MATLAB: GPU optimization of looped vector operations

gpuparallel computingParallel Computing Toolbox

I think I am making a simple mistake. I am comparing a vectrorized integration using the GPU and the CPU. This code takes ~365 sec on the GPU (Nvidia quadro P5200 and 96 sec on the parallel CPU (6 workers, Xeon E-2176M, 2.7 GHz). The integral is a straight forward operation with vectors 90,000 long in this example that repeats 90,000 times in the loop.
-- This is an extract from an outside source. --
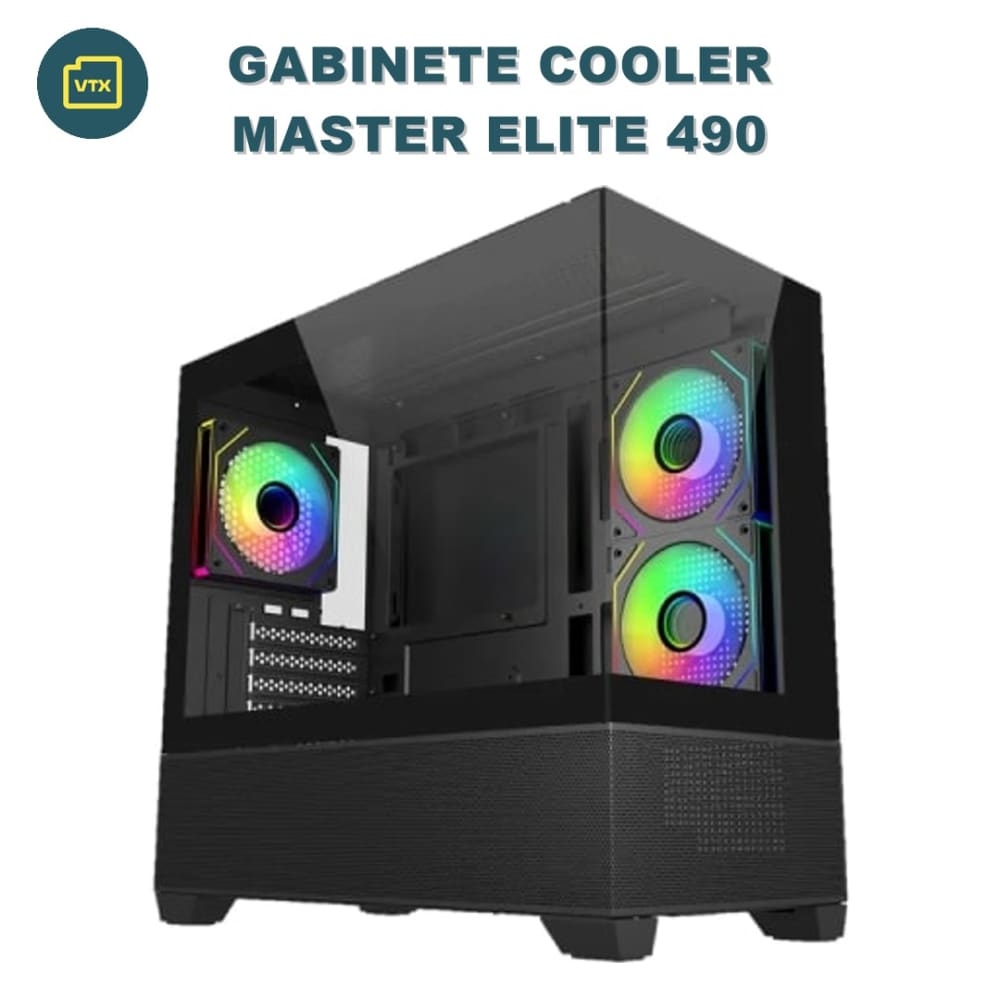 Gabinete Cooler Master Elite 490 Argb Vidrio Negro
A test of an array multiplication of two 10,000×10,000 arrays of random numbers takes 0.65 s on my GPU and 10.8 s on my CPU. In the example below the GPU is slower for larger arrays. It seems as though the loop introduces a lot of overhead on the GPU operations.
What is the best strategy to optimize this problem for the GPU?
nubar_low = 2450;
nubar_high = 3350;
p_density = 100; %points per wavenumber
nu_bar = nubar_low:1/p_density:nubar_high;
K = zeros(size(nu_bar));
nub = nu_bar;
n_inf = 0;
nub = nu_bar;
k_max = 0.01; %max k
nub_0 = 2800; %nu bar center to absorption
gamma = 50; %width of the absortion
K = k_max * (gamma/2)^2 * ( ((nub-nub_0).^2 + (gamma/2)^2).^-1 - ((nub+nub_0).^2 + (gamma/2)^2).^-1);
% dK data is the derivative of K --> d(K)/d(nubar)
% Use value on either side of the point where possible
dK = zeros(size(K));
dK(2:end-1) = (K(3:end)-K(1:end-2))./(nu_bar(3:end)-nu_bar(1:end-2));
% Endpoints are special case.
dK(1) = (K(2)-K(1))./(nu_bar(2)-nu_bar(1));
dK(end) = (K(end)-K(end-1))./(nu_bar(end)-nu_bar(end-1));
len=length(nu_bar);
dN_KK = zeros(1,len);
% The integral
tic
try
canUseGPU = parallel.gpu.GPUDevice.isAvailable;
catch ME
canUseGPU = false;
end
%canUseGPU = false;
if canUseGPU
%integral using GPU

gnu_bar = gpuArray(nu_bar);
gK = gpuArray(K);
gdK = gpuArray(dK);
gdN_KK = gpuArray(dN_KK);
for i = 1:len
gdN_KK(i) = sum(gnu_bar([1:i-1, i+1:end]) .* gK([1:i-1, i+1:end]) ./ (gnu_bar([1:i-1, i+1:end]).^2 - gnu_bar(i).^2));
gdN_KK(i) = 2*gdN_KK(i) + gK(i)./(2*gnu_bar(i)) + gdK(i);
end
dN_KK =gather(gdN_KK);
else
%integral using GPU
parfor i = 1:len
dN_KK(i) = sum(nu_bar([1:i-1, i+1:end]) .* K([1:i-1, i+1:end]) ./ (nu_bar([1:i-1, i+1:end]).^2 - nu_bar(i).^2));
dN_KK(i) = 2*dN_KK(i) + K(i)./(2*nu_bar(i)) + dK(i);
end
end
% Scales data
dN_KK = (1/(pi*p_density))*dN_KK;
% Adds constant for N infinity
N_KK = dN_KK + n_inf;
toc

Best Answer

This modification uses mat2tiles from the File Exchange, to help divide the computation into bigger, vectorized chunks
It runs in about 2 seconds on my graphics card (GeForce GTX 1080 Ti). Aside from increased vectorization, the key is to eliminate all the indexing expressions x([1:i-1, i+1:end]). Those are costly.
tic;
gnu_bar = gpuArray(nu_bar);
gK = gpuArray(K);
gdK = gpuArray(dK);
gdN_KK = gpuArray(dN_KK);
chunksize=1000;
vv=gnu_bar.^2;
vvchunks=mat2tiles( vv , [1,chunksize]);
numer=gnu_bar.*gK;
c=1;
for k=1:numel(vvchunks)
Q=numer(:)./(vv.'-vvchunks{k});
Q(c:len+1:end)=0;
c=c+size(Q,2);
vvchunks{k}=sum(Q,1);
end
gdN_KK=[vvchunks{:}];
gdN_KK = 2*gdN_KK + gK./(2*gnu_bar) + gdK;
wait(gd)
toc %Elapsed time is 2.027665 seconds.